Interruption des soins et des activités culturelles, récréatives et artistiques

Les enfants en situation de handicap ont souffert de l’interruption des soins et de l’isolement. Notre partenaire Rhea en Géorgie nous a notamment fait part des effets négatifs sur les enfants de l’arrêt des activités d’intégration ; telles que les colonies de vacances, le sport, notamment le rugby, les spectacles de marionnettes, les loisirs dans les centres de micro-intégration…

Les enfants en situation de handicap qui vivent en institution ont, eux-aussi, pâti de la pandémie : visites des bénévoles interdites, isolement, risques de contagion et hospitalisation sans accompagnement. Cette situation a montré l’importance de la désinstitutionalisation.

Détérioration de la santé mentale de la population dont les enfants

En Colombie, la Covid-19 a entrainé l’aggravation des conditions de santé mentale de la population, avec une augmentation du suicide selon le ministère de la Santé. Au Pérou, selon une étude nationale, 70% des habitants se disent anxieux. Peur de perdre leur emploi, peur de tomber malade, peur de perdre un proche, peur de l’avenir…

En Arménie, suite  au conflit au Haut-Karabach qui avait éclaté de nouveau l’automne dernier, notre partenaire, Arevamanuk a souligné l’intensification du stress et du sentiment de peur chez les enfants qu’il accompagne.

L’augmentation de la violence à  des enfants dans le cercle familial

Dans tous les pays d’intervention du BICE, et plus largement bien sûr, le confinement, la fermeture des écoles, le chômage ou la perte de revenus, l’anxiété générale ont entraîné, dans de nombreuses familles, la détérioration des relations entre les parents et entre les parents et les enfants. Et, en effet, depuis le début de la pandémie, une augmentation des violences domestiques et de la violence à l’égard des enfants, y compris la violence psychologique, a été constatée.

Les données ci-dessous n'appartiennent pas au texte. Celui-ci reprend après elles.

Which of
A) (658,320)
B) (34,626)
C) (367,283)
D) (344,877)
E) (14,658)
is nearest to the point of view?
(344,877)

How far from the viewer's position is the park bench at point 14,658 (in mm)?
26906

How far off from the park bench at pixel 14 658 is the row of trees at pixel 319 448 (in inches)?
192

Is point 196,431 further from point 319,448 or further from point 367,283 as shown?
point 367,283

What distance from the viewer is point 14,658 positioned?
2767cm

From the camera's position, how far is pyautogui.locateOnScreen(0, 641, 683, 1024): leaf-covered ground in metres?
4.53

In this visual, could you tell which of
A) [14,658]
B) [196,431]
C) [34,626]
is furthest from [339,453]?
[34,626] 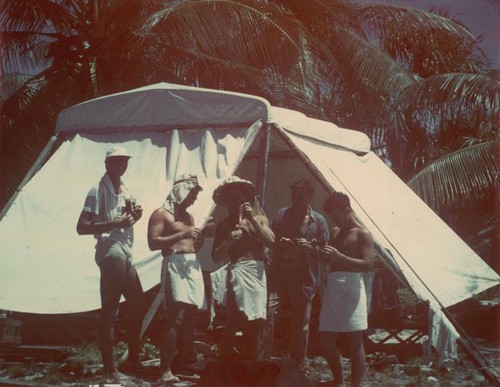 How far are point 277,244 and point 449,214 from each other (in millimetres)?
4853

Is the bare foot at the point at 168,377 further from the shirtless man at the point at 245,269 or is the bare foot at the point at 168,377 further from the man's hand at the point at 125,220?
the man's hand at the point at 125,220

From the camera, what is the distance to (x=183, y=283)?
265 inches

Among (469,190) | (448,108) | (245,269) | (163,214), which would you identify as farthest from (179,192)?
(448,108)

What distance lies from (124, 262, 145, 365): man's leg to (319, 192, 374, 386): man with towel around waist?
1652 mm

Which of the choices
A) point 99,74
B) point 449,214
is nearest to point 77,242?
point 99,74

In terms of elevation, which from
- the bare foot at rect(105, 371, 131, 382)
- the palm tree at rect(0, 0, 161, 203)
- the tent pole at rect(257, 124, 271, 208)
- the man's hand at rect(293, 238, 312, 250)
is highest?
the palm tree at rect(0, 0, 161, 203)

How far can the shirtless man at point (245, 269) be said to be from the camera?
6832 millimetres

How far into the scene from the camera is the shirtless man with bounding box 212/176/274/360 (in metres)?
Result: 6.83

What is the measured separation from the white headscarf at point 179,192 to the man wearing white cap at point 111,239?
0.26 metres

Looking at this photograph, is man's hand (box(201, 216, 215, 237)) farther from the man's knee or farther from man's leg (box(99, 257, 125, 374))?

Dans ce contexte, un travail important de soutien psychologique à distance a été mis en place pour pallier l’arrêt des séances en présentiel. Mais ces actions en ligne ne suffisent pas. En Russie, par exemple, le partenaire du BICE a constaté que deux tiers de familles qu’il accompagne ne disposent pas des équipements et moyens nécessaires (ordinateurs, tablettes, téléphones portables, abonnement Internet) pour bénéficier d’un soutien à distance.

Recommandations du BICE

  • Intégrer dans les plans de relance la protection des enfants contre la violence dans les cercles de confiance ; initier des programmes de longue durée dans les services de détection, d’orientation, d’accompagnement et de prise en chargedes enfants victimes de différentes formes de violence.
  • Instituer des programmes de soutien aux activités génératrices de revenus ; et des programmes de transfert d’argent aux familles œuvrant notamment dans le secteur informel et qui ont perdu leur travail.
  • Mettre en place des programmes de rattrapage scolaire pour les enfants, y compris des écoles non formelles, et les jeunes filles tombées enceintes, avec des facilités pour l’inscription et l’accès à la cantine scolaire.
  • Prendre en charge les enfants orphelins à cause de la Covid-19 afin qu’aucun enfant ne soit laissé de côté.